The paper is a highly technical, but it does indicate a few historical facts
about the investigations described in the paper. Also the names of Chance Vought
propulsion engineers who were involved with the study are included, and are
possibly still around.

I wouldn't mind helping contact these engineers if you need help as I am very
interested in this subject, but it's up to you.

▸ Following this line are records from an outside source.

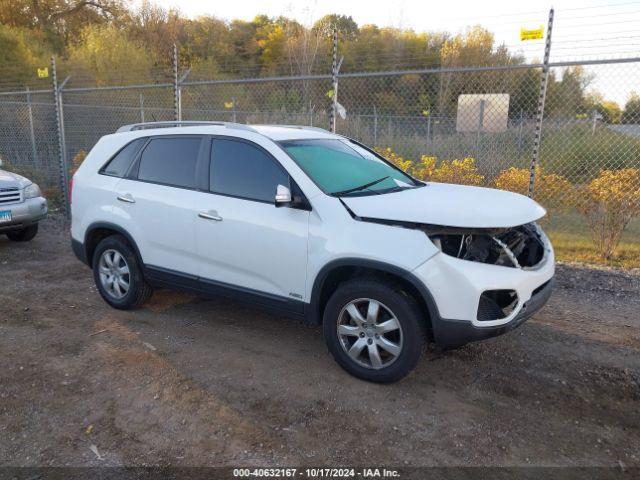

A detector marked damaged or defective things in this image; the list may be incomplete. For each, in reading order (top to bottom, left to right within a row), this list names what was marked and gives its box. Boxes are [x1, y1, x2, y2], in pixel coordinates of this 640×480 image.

crumpled hood [0, 170, 30, 190]
crumpled hood [342, 183, 548, 230]
broken front bumper [412, 234, 552, 346]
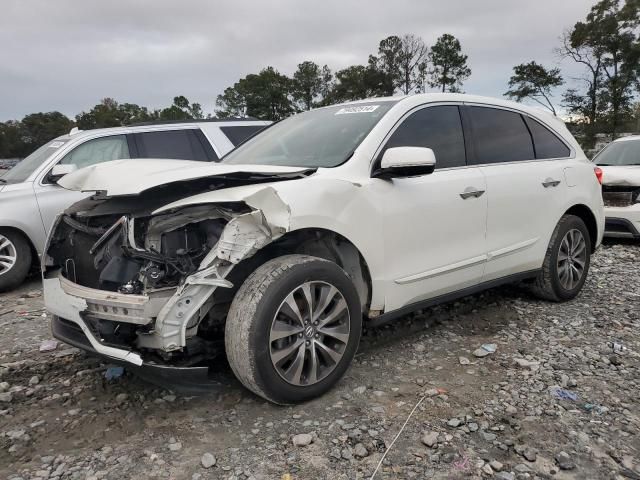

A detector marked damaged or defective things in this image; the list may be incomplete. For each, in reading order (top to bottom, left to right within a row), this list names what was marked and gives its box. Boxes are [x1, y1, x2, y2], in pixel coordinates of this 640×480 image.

crumpled hood [58, 159, 314, 197]
wrecked vehicle [596, 134, 640, 239]
crumpled hood [600, 166, 640, 187]
severe front-end damage [43, 163, 308, 384]
wrecked vehicle [41, 94, 604, 402]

The paper info follows. I also included the paper's summary and the author
info as well.

Supersonic Inlet Dynamics
H.R. Fraiser
Chance Vought Aircraft, Incorporated
Journal Of The Aero/Space Sciences
June 1960
Pages 429-436

Summary:
An approximation of the differential equation for compressible duct flow is presented.
The equation is linear and of the second order. The duct transfer function and response
characteristics are obtained by applying small-perturbation theory to the differential
equation. The resulting equations describe duct natural frequency as a function of
duct areas and volumes, and damping ratio as a function of the slope of the steady-state
mass flow, pressure-recovery curve.

The calculated response agrees, to a first approximation, with measured response as
obtained from tests of a fixed-geometry, sugar-scoop inlet model with bypass for
matching airflows. Testing was done in the 10 x 10 and 8 x 6 ft. supersonic tunnels at
NASA Lewis Flight Propulsion Laboratory. Further agreement was obtained during flight
tests of the F8U-3 airplane.

The original paper was received by the Journal Of The Aero/Space Sciences on
May 28, 1959. Revised and received November 13, 1959.

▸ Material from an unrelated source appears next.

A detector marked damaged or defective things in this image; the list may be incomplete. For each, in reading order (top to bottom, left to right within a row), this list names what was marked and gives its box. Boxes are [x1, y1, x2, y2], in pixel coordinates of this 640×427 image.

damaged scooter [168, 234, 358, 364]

H.R. Fraiser is a Propulsion Engineer, Propulsion Group with Chance Vought Aircraft.
The author is also indebted to F.D. Isely and R.D. Witter of Chance Vought Aircraft
for their assistance and guidance throughout this investigation and to Ronald Yoshida
of Marquardt Aircraft Company for suggestions on the method of attack.

(so names of the involved engineers, this Marquardt reference is also quite interesting,
as well as where the testing was done and when the paper was submitted).

Regards.
 
shockonlip said:
I have an engineering paper that I obtained some time ago, about computing
the inlet duct dynamics of the XF8U-3.

The paper is a highly technical, but it does indicate a few historical facts
about the investigations described in the paper. Also the names of Chance Vought
propulsion engineers who were involved with the study are included, and are
possibly still around.

I wouldn't mind helping contact these engineers if you need help as I am very
interested in this subject, but it's up to you.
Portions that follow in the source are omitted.